Info for Homeward Bound



Homeward Bound—the remarkable Blue Note Records debut by drummer, composer, and bandleader Johnathan Blake—signals shifting tides for a career that’s yet to crest. The album, which will be released on October 29, is a celebration of life and legacy featuring Blake’s quintet Pentad with alto saxophonist Immanuel Wilkins, vibraphonist Joel Ross, keyboardist David Virelles, and bassist Dezron Douglas.

The poignant title track “Homeward Bound (for Ana Grace),” which was released today, celebrates the short effervescent life of Ana Grace Marquez-Greene, the daughter of saxophonist Jimmy Greene and flutist Nelba Marquez-Greene who perished in the Sandy Hook tragedy nearly a decade ago. For Blake, who recalls the moment of her birth, Ana Grace’s time on earth resonates. “When little Ana was born, I remember what a blessing she was,” says Blake, who was on the road with Greene at the time in Tom Harrell’s band. “She had such a lively presence.

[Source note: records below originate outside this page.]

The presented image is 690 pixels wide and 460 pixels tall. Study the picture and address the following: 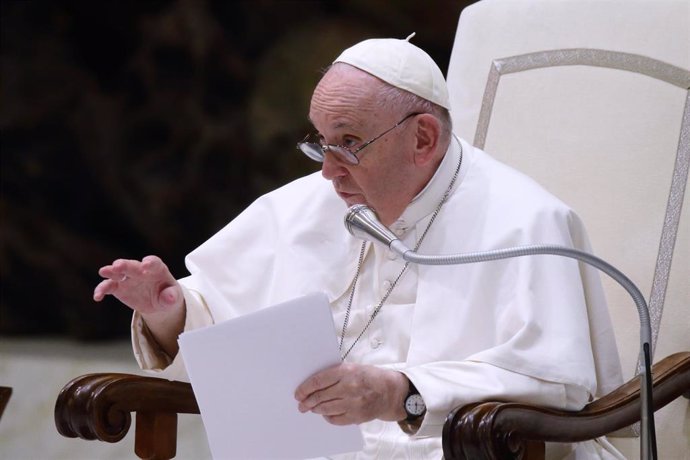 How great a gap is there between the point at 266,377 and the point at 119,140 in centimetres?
385

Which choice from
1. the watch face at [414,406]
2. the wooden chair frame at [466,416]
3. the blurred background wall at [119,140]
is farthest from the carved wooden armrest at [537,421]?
the blurred background wall at [119,140]

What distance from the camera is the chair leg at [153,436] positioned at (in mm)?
2865

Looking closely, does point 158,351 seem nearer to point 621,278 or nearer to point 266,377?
point 266,377

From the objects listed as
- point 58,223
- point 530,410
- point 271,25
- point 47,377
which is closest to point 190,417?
point 47,377

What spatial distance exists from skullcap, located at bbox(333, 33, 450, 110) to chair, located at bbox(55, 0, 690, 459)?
45 cm

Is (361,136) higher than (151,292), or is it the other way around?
(361,136)

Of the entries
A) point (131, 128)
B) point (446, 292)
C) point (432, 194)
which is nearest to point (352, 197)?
point (432, 194)

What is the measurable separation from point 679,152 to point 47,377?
3761 millimetres

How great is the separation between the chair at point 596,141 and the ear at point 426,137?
1.59 ft

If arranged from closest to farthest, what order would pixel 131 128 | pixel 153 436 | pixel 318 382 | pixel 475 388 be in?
1. pixel 318 382
2. pixel 475 388
3. pixel 153 436
4. pixel 131 128

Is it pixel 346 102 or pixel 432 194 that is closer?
pixel 346 102

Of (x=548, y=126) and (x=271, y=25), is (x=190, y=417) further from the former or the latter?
(x=548, y=126)

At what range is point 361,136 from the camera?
2924 mm

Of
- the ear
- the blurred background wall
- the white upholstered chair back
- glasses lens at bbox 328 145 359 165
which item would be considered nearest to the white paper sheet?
glasses lens at bbox 328 145 359 165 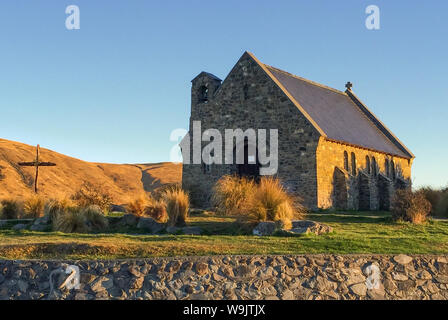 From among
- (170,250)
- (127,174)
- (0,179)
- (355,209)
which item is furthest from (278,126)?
(127,174)

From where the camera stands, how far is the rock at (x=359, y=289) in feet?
33.7

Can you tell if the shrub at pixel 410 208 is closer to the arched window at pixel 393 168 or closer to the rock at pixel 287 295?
the rock at pixel 287 295

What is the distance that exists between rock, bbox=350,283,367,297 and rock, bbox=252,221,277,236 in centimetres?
425

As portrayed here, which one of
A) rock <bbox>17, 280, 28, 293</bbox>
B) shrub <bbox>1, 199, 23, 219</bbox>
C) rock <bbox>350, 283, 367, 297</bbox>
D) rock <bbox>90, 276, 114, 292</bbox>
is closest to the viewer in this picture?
rock <bbox>90, 276, 114, 292</bbox>

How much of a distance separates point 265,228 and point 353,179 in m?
15.1

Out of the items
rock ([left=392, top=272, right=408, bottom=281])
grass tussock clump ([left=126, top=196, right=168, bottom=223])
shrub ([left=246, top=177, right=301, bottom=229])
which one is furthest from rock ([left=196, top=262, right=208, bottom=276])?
grass tussock clump ([left=126, top=196, right=168, bottom=223])

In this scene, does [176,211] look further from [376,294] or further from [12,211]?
[12,211]

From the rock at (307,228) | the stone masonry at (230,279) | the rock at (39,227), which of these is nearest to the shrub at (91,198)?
the rock at (39,227)

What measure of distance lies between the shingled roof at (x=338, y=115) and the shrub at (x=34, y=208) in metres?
14.7

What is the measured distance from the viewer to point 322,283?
1017 cm

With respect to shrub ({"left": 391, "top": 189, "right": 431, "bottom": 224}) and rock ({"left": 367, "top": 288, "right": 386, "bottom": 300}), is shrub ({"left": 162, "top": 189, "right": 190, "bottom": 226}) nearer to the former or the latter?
rock ({"left": 367, "top": 288, "right": 386, "bottom": 300})

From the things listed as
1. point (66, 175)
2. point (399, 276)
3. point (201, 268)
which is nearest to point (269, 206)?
point (399, 276)

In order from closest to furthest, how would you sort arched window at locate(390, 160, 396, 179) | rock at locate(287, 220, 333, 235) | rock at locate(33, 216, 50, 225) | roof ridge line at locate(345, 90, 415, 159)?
rock at locate(287, 220, 333, 235) → rock at locate(33, 216, 50, 225) → arched window at locate(390, 160, 396, 179) → roof ridge line at locate(345, 90, 415, 159)

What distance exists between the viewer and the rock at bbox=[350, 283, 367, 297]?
1027 centimetres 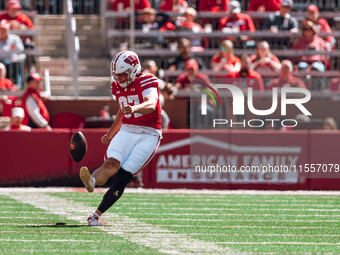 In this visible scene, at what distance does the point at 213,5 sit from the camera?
1930 cm

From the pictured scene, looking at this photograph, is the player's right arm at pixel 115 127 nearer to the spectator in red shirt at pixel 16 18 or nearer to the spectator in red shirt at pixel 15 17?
the spectator in red shirt at pixel 16 18

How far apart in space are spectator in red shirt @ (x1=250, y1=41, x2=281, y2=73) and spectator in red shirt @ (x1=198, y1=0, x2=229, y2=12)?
2253mm

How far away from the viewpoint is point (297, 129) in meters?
16.2

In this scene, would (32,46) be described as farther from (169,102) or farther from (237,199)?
(237,199)

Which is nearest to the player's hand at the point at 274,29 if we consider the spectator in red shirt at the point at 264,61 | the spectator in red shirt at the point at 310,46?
the spectator in red shirt at the point at 310,46

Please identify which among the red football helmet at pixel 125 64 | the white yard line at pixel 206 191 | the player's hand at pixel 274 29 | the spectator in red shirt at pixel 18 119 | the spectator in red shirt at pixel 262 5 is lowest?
the white yard line at pixel 206 191

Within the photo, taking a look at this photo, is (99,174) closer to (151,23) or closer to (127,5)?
(151,23)

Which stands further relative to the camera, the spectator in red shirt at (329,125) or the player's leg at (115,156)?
the spectator in red shirt at (329,125)

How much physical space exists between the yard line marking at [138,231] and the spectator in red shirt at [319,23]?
319 inches

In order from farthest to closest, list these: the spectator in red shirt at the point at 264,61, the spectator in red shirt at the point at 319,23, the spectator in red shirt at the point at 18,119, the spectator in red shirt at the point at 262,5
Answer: the spectator in red shirt at the point at 262,5 < the spectator in red shirt at the point at 319,23 < the spectator in red shirt at the point at 264,61 < the spectator in red shirt at the point at 18,119

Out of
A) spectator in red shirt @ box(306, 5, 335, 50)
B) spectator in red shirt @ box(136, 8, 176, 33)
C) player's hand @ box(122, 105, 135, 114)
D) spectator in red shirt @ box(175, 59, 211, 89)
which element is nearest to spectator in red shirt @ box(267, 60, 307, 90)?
spectator in red shirt @ box(175, 59, 211, 89)

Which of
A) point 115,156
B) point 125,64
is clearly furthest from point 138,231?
point 125,64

So when I heard she’d been taken away, it affected me and I started writing this tune.”

Reminiscent of a melody Ana Grace might have hummed as she bounced into the room, “Homeward Bound (for Ana Grace)” prompts joyous and contemplative trades between Ross and Wilkins, a luminescent solo from Virelles and a feature from Blake just as effervescent as the spirit it honors. “She was always singing,” says Blake, “any room she went in, she would just sing.”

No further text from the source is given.